- _THE PROBLEM_
Please give back every entry in full, word for word, but none of the pictures.

MATERIAL SUPPLIED Start Marker

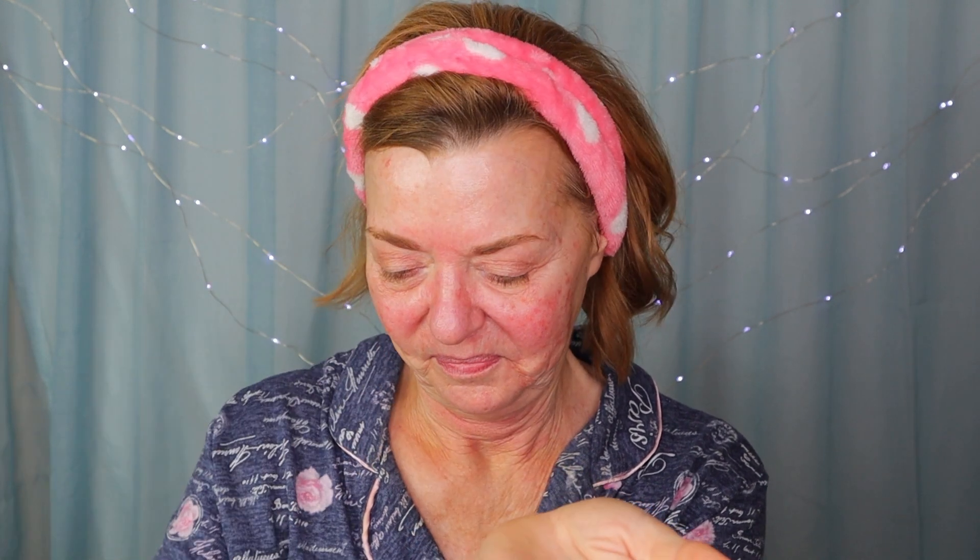The next step is the Buffet from The Ordinary. If you've seen my AM skincare video you'll know I use this in the morning as well. I take three drops into the palm of my hand, rub it together, and then pat that all over my face and down my neck. Like my AM skincare routine, anything left on the palms of my hands I rub on the back of my hands — it really seems to have helped with my age spots there.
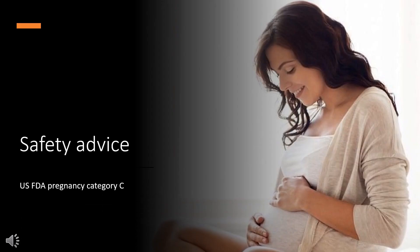Safety Advice. US FDA Pregnancy Category C: Animal reproduction studies have shown an adverse effect on the fetus, and there are no adequate and well-controlled studies in humans, but potential benefits may warrant use of the drug in pregnant women despite potential risks.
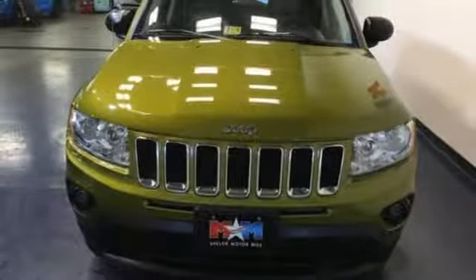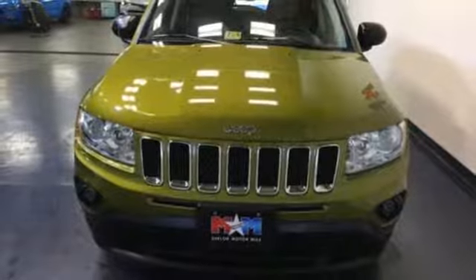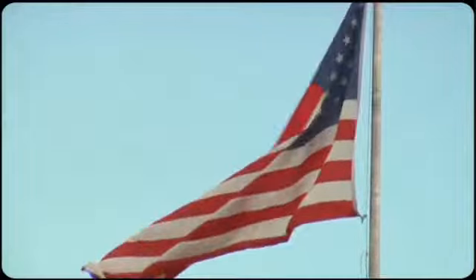All the right reasons to buy are in the vision and engineering of this SUV. Make it yours today. Come visit us on the Motor Mile, where you're always a name and never a number.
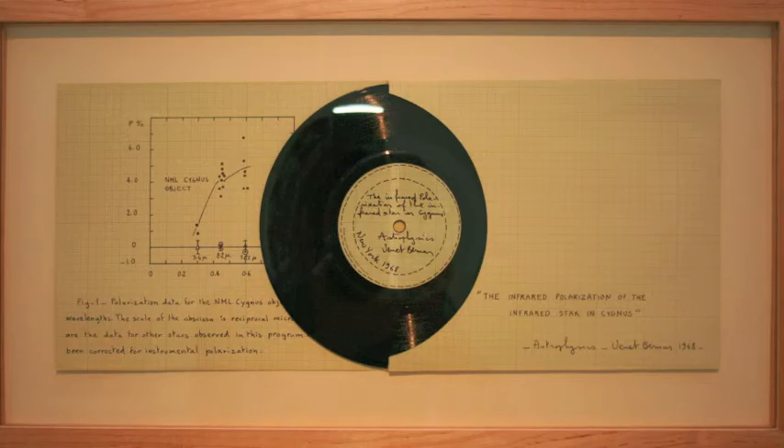This work was supported by the National Aeronautics and Space Administration and the National Science Foundation. Astrophysics, 1968, New York.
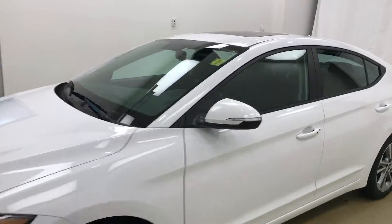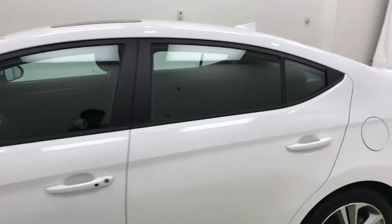Today we're reviewing stock number 188908 on a 2017 Hyundai Elantra, and our exterior color is white.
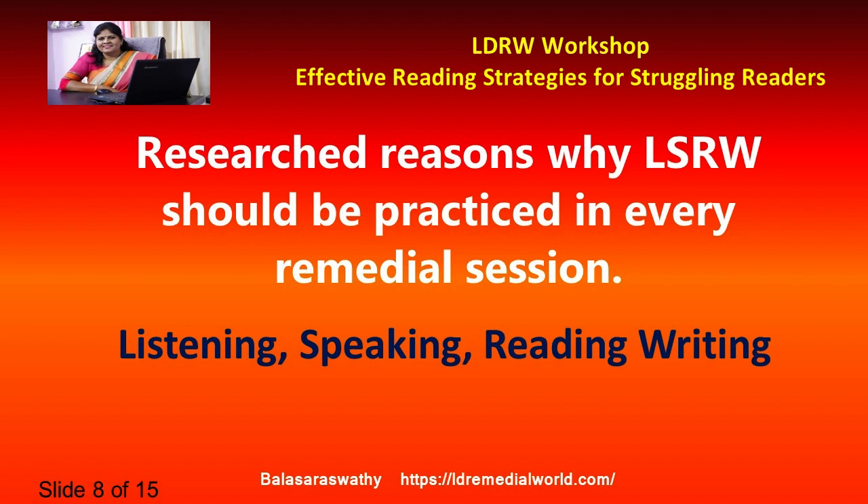Once reading is mastered — meaning the child can fluently read well — that is the time writing needs to be introduced. As a former school principal, when I understood this idea I tried to push writing to much less time per day. In a four to four-and-a-half hour school day, I asked teachers to work on LSR — whether in environment, math, drawing, or storytelling — and the more they worked on LSR, the stronger writing became.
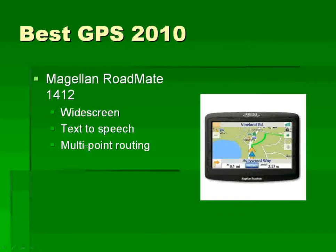Next on our list is an entry from Magellan, the RoadMate 1412. You can see it right here. It's got the widescreen, text-to-speech, and multi-point routing.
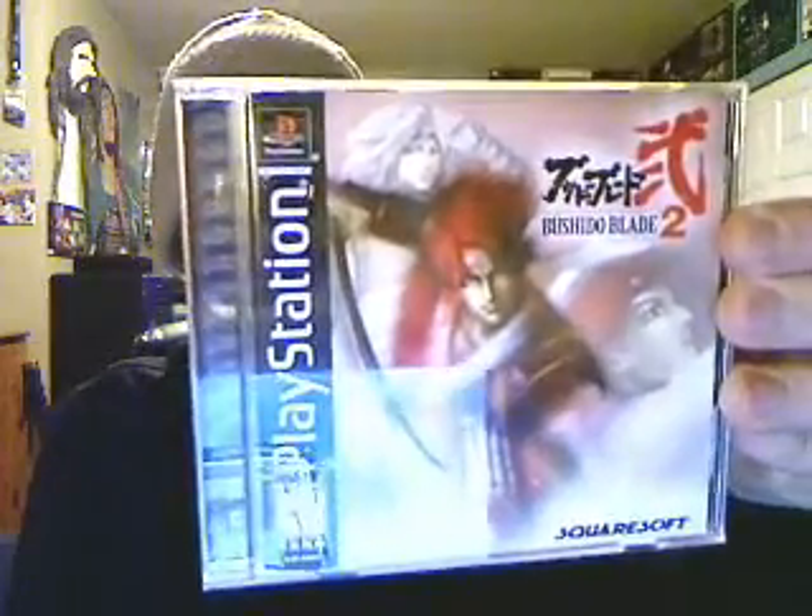And then Bushido Blade 2. This is a very interesting fighting game because you can actually be killed in one hit. Squaresoft took an interesting approach with the fighting game genre — they did Bushido Blade and a few others I can't quite remember right now. Bushido Blade 1 is awesome; you can waste a lot of time playing it. It's a really unique fighting game. If you're a fan of the genre, check it out — it might not be for you since it's a little different and doesn't have huge combos, but it is an excellent fighting game all around.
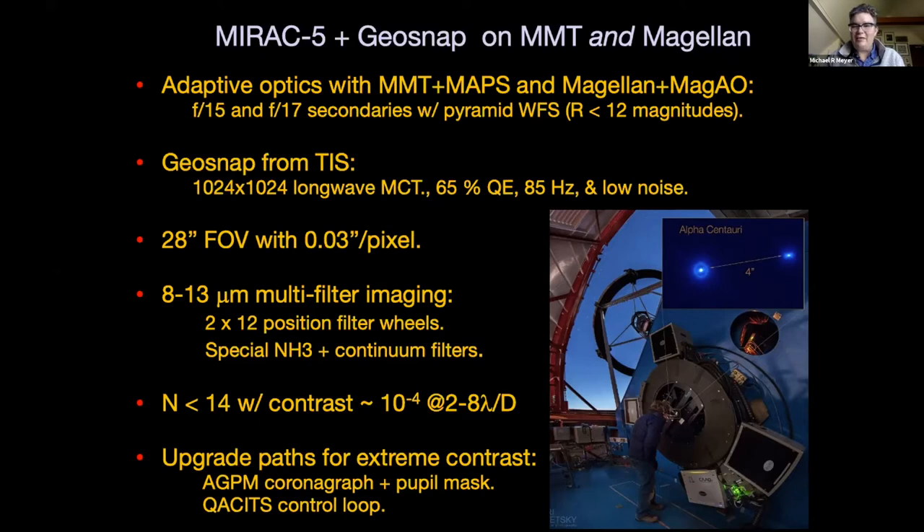Within a night we ought to be able to get down to N of 14. Our targets are close by, anywhere from 2 to 8 lambda over D. This is high contrast but not extreme contrast — we're not pushing down to 10^-6. We would like to, but that would require additional funding: procuring an AGPM coronagraph in collaboration with Liege, the associated pupil mask, and implementing the Quasset control loop to keep the star on the sweet spot. These are upgrade paths — additional resources would be needed to reach contrasts of 10^-6 or greater at a few lambda over D, say around Alpha Centauri.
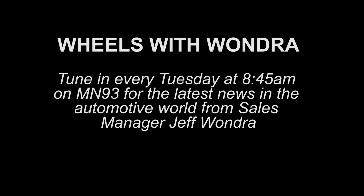I guess this guy could tell us if the sun was shining at the moment or not. Jeff Wander is here for Wheels with Wanderer from Snell Motors. Good morning, Jeff. Good morning — it is ridiculously nice out there.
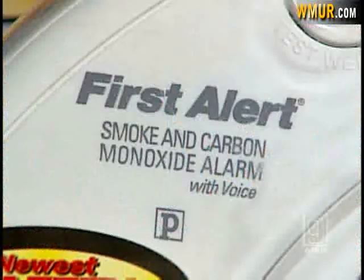When the hotel was constructed, it was not a requirement to be equipped with carbon monoxide alarms. Fire Marshal Bill Degnan says all dwellings built prior to the first of the year were not required to have CO detectors, but a new law makes them mandatory in all new construction.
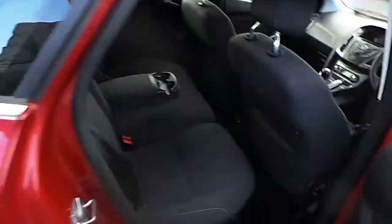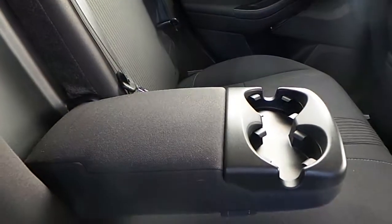If we have a look in the back, we have our isofix, our centre armrest and drinks holder.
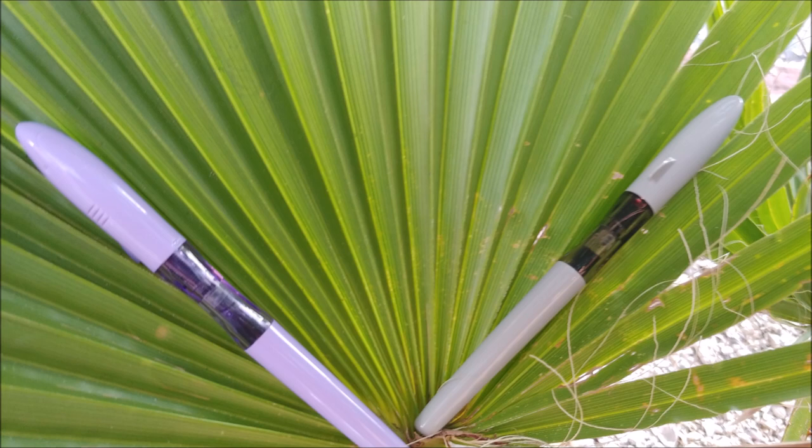Another thing TWSBI did — they have a tendency to show things before they're ready for production, or things that never come to production. One thing I saw on their Instagram stories was a pen with a wooden cap. All it showed was the cap, so I don't know if the body was wood as well. You don't see many all-wood pens — you do see kit pens, and occasionally a custom pen with some wood. But if TWSBI released something like that, I think it would be a pretty big hit. I just hope they release it in large enough numbers. If they do put one out, I'll be buying one for sure.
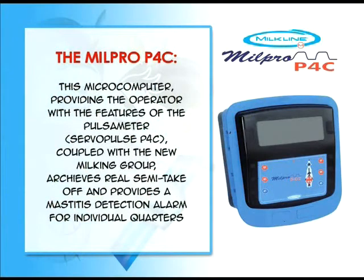The Milpro P4C microcomputer, providing the operator with the features of the pulsameter ServoPulse P4C, coupled with the new milking group, achieves real semi-take-off and provides a mastitis detection alarm for individual quarters.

MATERIAL SUPPLIED End Marker

- _ANSWER SECTION_
The next step is the Buffet from The Ordinary. If you've seen my AM skincare video you'll know I use this in the morning as well. I take three drops into the palm of my hand, rub it together, and then pat that all over my face and down my neck. Like my AM skincare routine, anything left on the palms of my hands I rub on the back of my hands — it really seems to have helped with my age spots there.
Safety Advice. US FDA Pregnancy Category C: Animal reproduction studies have shown an adverse effect on the fetus, and there are no adequate and well-controlled studies in humans, but potential benefits may warrant use of the drug in pregnant women despite potential risks.
All the right reasons to buy are in the vision and engineering of this SUV. Make it yours today. Come visit us on the Motor Mile, where you're always a name and never a number.
This work was supported by the National Aeronautics and Space Administration and the National Science Foundation. Astrophysics, 1968, New York.
Today we're reviewing stock number 188908 on a 2017 Hyundai Elantra, and our exterior color is white.
Once reading is mastered — meaning the child can fluently read well — that is the time writing needs to be introduced. As a former school principal, when I understood this idea I tried to push writing to much less time per day. In a four to four-and-a-half hour school day, I asked teachers to work on LSR — whether in environment, math, drawing, or storytelling — and the more they worked on LSR, the stronger writing became.
Next on our list is an entry from Magellan, the RoadMate 1412. You can see it right here. It's got the widescreen, text-to-speech, and multi-point routing.
And then Bushido Blade 2. This is a very interesting fighting game because you can actually be killed in one hit. Squaresoft took an interesting approach with the fighting game genre — they did Bushido Blade and a few others I can't quite remember right now. Bushido Blade 1 is awesome; you can waste a lot of time playing it. It's a really unique fighting game. If you're a fan of the genre, check it out — it might not be for you since it's a little different and doesn't have huge combos, but it is an excellent fighting game all around.
Within a night we ought to be able to get down to N of 14. Our targets are close by, anywhere from 2 to 8 lambda over D. This is high contrast but not extreme contrast — we're not pushing down to 10^-6. We would like to, but that would require additional funding: procuring an AGPM coronagraph in collaboration with Liege, the associated pupil mask, and implementing the Quasset control loop to keep the star on the sweet spot. These are upgrade paths — additional resources would be needed to reach contrasts of 10^-6 or greater at a few lambda over D, say around Alpha Centauri.
I guess this guy could tell us if the sun was shining at the moment or not. Jeff Wander is here for Wheels with Wanderer from Snell Motors. Good morning, Jeff. Good morning — it is ridiculously nice out there.
When the hotel was constructed, it was not a requirement to be equipped with carbon monoxide alarms. Fire Marshal Bill Degnan says all dwellings built prior to the first of the year were not required to have CO detectors, but a new law makes them mandatory in all new construction.
If we have a look in the back, we have our isofix, our centre armrest and drinks holder.
Another thing TWSBI did — they have a tendency to show things before they're ready for production, or things that never come to production. One thing I saw on their Instagram stories was a pen with a wooden cap. All it showed was the cap, so I don't know if the body was wood as well. You don't see many all-wood pens — you do see kit pens, and occasionally a custom pen with some wood. But if TWSBI released something like that, I think it would be a pretty big hit. I just hope they release it in large enough numbers. If they do put one out, I'll be buying one for sure.
The Milpro P4C microcomputer, providing the operator with the features of the pulsameter ServoPulse P4C, coupled with the new milking group, achieves real semi-take-off and provides a mastitis detection alarm for individual quarters.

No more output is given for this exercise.